InfoQ Homepage Articles Deploying Microservices to AWS at Gilt: Introducing ION-Roller

Deploying Microservices to AWS at Gilt: Introducing ION-Roller

May 08, 2015 14 min read

Write for InfoQ

Feed your curiosity. Help 550k+ global
senior developers
each month stay ahead.Get in touch

Over a period of seven years, gilt.com has grown from a Ruby-on-Rails start-up, to a major e-commerce player built on a Scala microservices architecture. Gilt's flash-sale business model is predicated on driving a 'pulse' load of customer traffic to compete for limited quantities of luxury product; adopting microservices has provided a blend of scalability, performance, and reliability for our services. It has also enabled autonomy, empowerment, and flexibility for our development teams. Teams are free to use their choice of language, framework, database and build-system to create services for core site functionality, mobile applications, personalisation algorithms, real-time data feeds and notifications.

With a Cambrian explosion of software services comes the question of how to deploy and run the artifacts we create. Gilt began its life running software on 'bare metal', over first one and then two traditional data centres. Teams would request that hardware be provisioned, and then deploy using a blend of custom scripts and Capistrano. It worked, but was prone to difficulty. Initial experimentation with Hypervisor technologies proved to dampen performance during our daily pulse load; many services ended up being co-located on the same physical box, leading to performance anomalies and, at times, outages due to the lack of resource isolation; one rogue deployment of a service consuming 'multiple-threads-per-request' during pulse traffic could take out the entire site.
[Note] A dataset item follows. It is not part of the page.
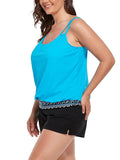 Azure Loop Strap Blouson Tankini with Cargo Swim Short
We adopted a number of techniques and created tooling to alleviate these problems using performance testing in production, and continuous deployment. However, our research into ways to allocate and auto-provision services onto the estate of hardware in our data-centers proved time-consuming, and, ultimately too difficult.

This lead us to consider moving our micro-service infrastructure wholesale to the cloud, in particular Amazon Web Services (AWS), and honing in on the concept of Immutable Deployment, a concept inspired from our experience with immutable variables in functional programming. We adapted our data-centre based tooling, 'ION-Cannon', to a new soon-to-be-open-sourced tool, 'ION-Roller'. Our motivations for ION-Roller were to:

Allow our teams to declaratively specify how their services should be deployed in AWS, e.g. min/max nodes available, instance size, etc.
Provide a pipeline for deploying services and applications as immutable Docker images to production environments, with phased roll-out and movement of traffic from old to new versions of the service.
Support rapid rollback in the event of a rogue release, potentially to an already 'hot' set of of instances running the previous version.

In this article we’ll talk about the core concepts used in ION-Roller, the technologies and approaches involved, and provide overview of its use.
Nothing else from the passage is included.